IT'S HARD DAMN IT
So I have falalaed my house and I must say it looks pretty damn good for what little bit I did this year. This year we opted for not having a big tree, or a real one for that matter, we have a nice small one that I think will have to do for this year.
It's hard to celebrate or even get into the holiday spirit after losing my sister a couple months ago. Even though my sister was never here, in Florida, with us on Christmas it's still hard. It's hard knowing that we won't be getting boxes and boxes of gifts from her this year...she always sent so much stuff for the kids and it always made me smile inside knowing how much she loved shopping for them and how much they all loved getting gifts from their Aunt Niki. Ever year she always sent Christmas ornaments for the whole family and I think that is what I will miss the most. As I was taking out some of our Christmas decorations I came across a lot of things she had sent us over the years and just broke down and bawled.

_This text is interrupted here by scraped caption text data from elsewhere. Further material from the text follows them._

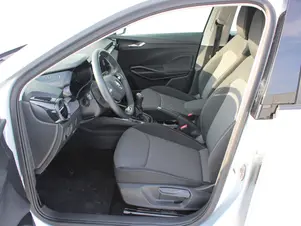 Škoda Fabia Selection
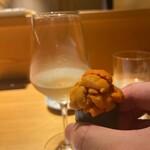 User's review image for 鮨 不二楼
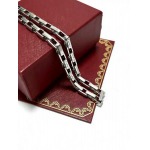 2026年2月4日入荷新品Cartierネックレスギフト/誕生日/記念品/アクセサリーxin工場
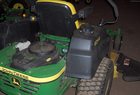 2011 John Deere Z425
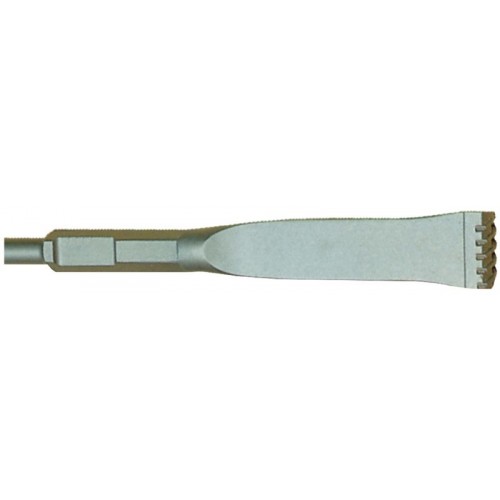 MAKITA P-16346 sekáč drážkovácí SDS-Max 38x280mm MAKITA P-16346 sekáč drážkovácí SDS-Max 38x280mm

I keep waiting to get her awesome Christmas card and letter. She would write these long letters, on really cool stationary, updating everyone on what was going on in her and her husband's lives. I remember last year being on the phone with her talking about Christmas and her husband yelling in the background because she was making him sign the Christmas cards too....and her and I laughed so hard at the things he was saying. Good times, good times that I am really missing today.
I am trying to be strong and keep a smile on my face this holiday season when really all I wanna do is lock myself away in my bedroom and come out after it's all over with. I am trying to be strong for the kids because I know they are feeling it too. I am trying to be strong when I really don't want to damn it!


Please know that Hubman and I are thinking about you this Christmas season.